Person Responsible for scope:-
Dedicatedly assign a person for scope management, mere it a project manager or a business consultant or any person in charge. But his say should be considered as full and final and he should be the only accountable person for scope as well. He should have been given the powers to say Yes or No to the client, irrespective of any pressure from higher ups.
Centralized Scope management document:-
There should be a centralized location where all documents should be kept. Scope document should be under a version control system (e.g. SVN) to log the changes, rather than creating copies of document.
It’s nearly impossible for client to visualize all, what you have documented. His thinking will start once you deliver the project. So it’s better to create wireframe for the application you are going to create.

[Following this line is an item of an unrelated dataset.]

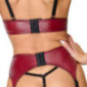 Cottelli LINGERIE 3-teiliges Straps-Set – Cottelli LINGERIE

Create a realistic deadline:-
Once you know your entire requirements, try to break up all in small tasks. The more specific you are; more on target you will be. Don’t be ashamed to consult the person, doing the job, for estimation.
“Nobody can go back and start a new beginning, but anyone can start today and make a new ending.”
“If you start soon enough, you won’t have to run to catch up.”
Once you start up you will find certain thing, for sure, that you might have or haven’t planned for.
Once you proceed with the project, you clients mind will start working and he will come up with new changes and requirement, try to analyze the impact of each and every possible change. For each and every change your immediate response should be “NO”. Then use negotiation to turn this “NO” to “YES”. Any big change should never be allowed in middle of the project, it will surely spoil you whole project and waste your time, effort and money.
Changes should be incorporate in any future release.